» Task to carry out:
Reproduce the lines below exactly, from the one containing "服務周到的MPP公司嚴格把關質量放心" through the one containing "Tina Oelker", both included. Leave out any pictures.

» Given data:
-=-=-=-=-

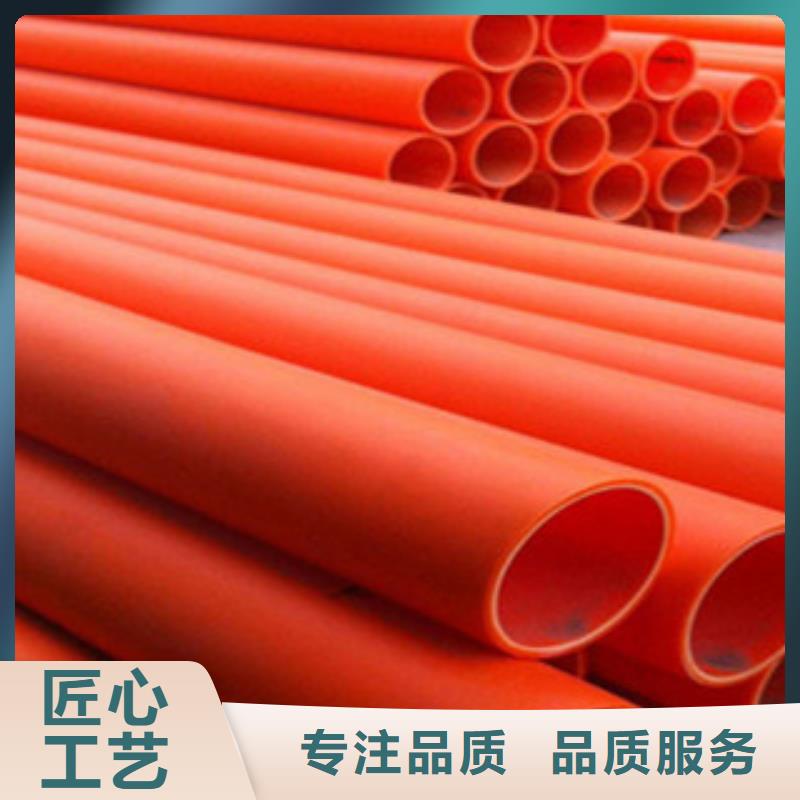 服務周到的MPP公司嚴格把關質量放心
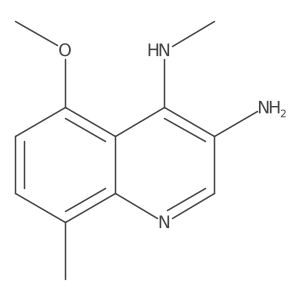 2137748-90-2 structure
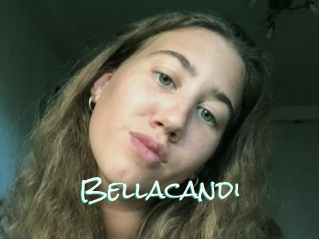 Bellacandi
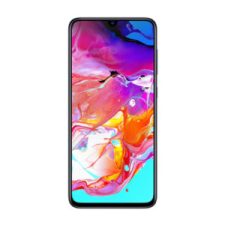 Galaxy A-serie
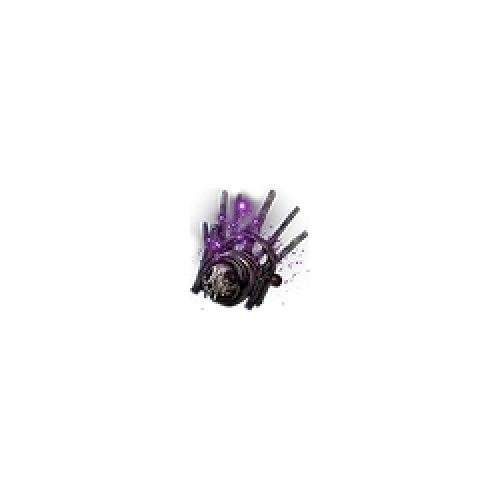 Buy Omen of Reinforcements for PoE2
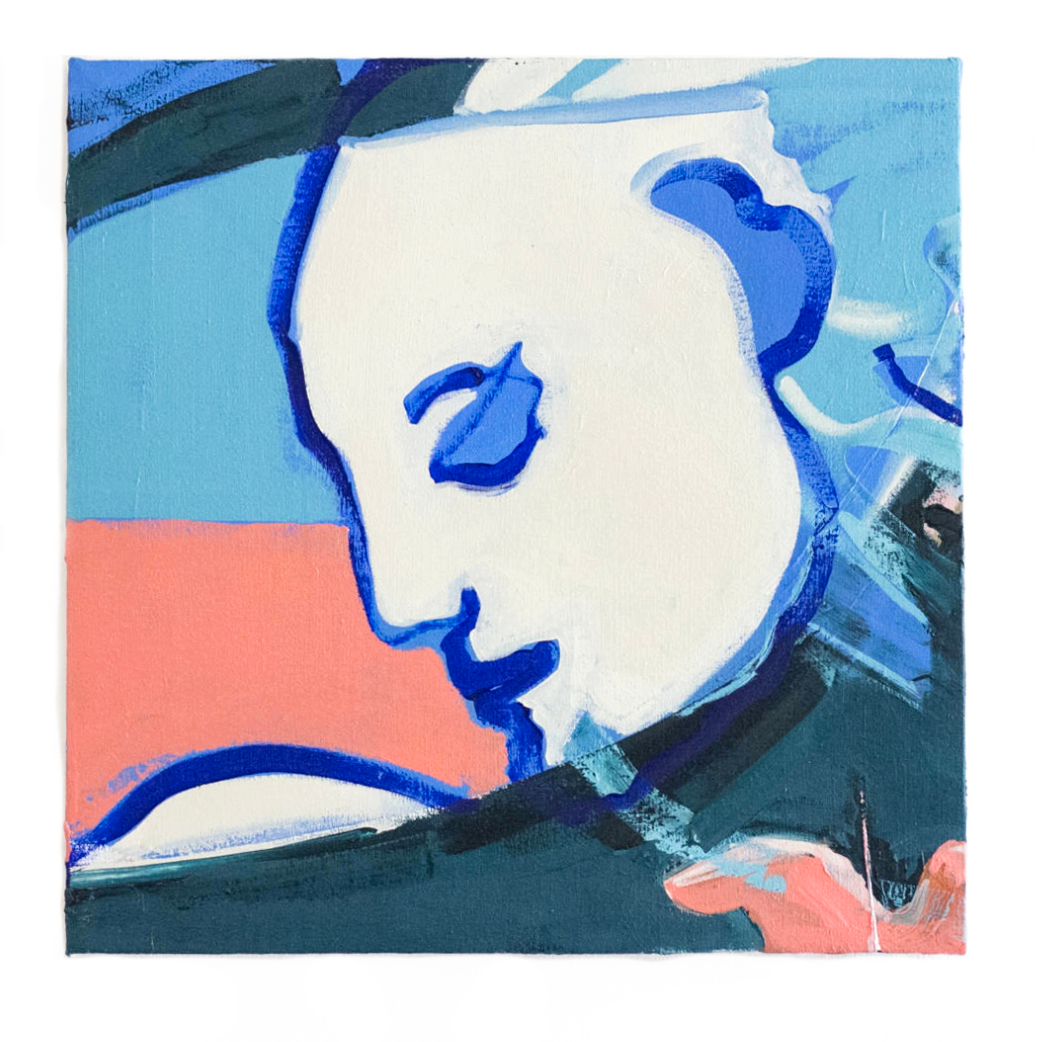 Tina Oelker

-=-=-=-=-

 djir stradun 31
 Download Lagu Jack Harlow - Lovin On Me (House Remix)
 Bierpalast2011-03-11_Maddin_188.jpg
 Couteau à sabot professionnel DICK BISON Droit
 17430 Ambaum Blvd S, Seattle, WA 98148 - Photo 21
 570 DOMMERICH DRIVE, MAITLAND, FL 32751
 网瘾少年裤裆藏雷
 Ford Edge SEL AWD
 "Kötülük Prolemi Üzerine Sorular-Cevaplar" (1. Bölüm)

-=-=-=-=-

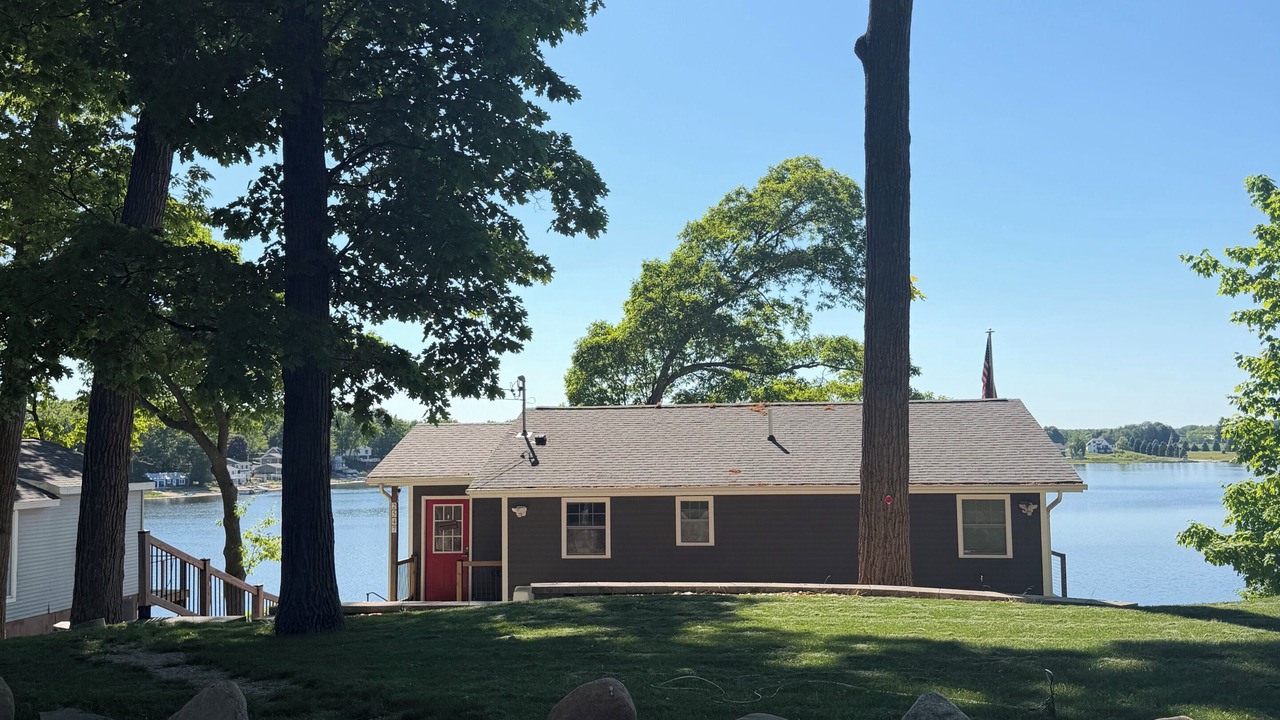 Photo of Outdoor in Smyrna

-=-=-=-=-

» Task output:
 服務周到的MPP公司嚴格把關質量放心
 2137748-90-2 structure
 Bellacandi
 Galaxy A-serie
 Buy Omen of Reinforcements for PoE2
 Tina Oelker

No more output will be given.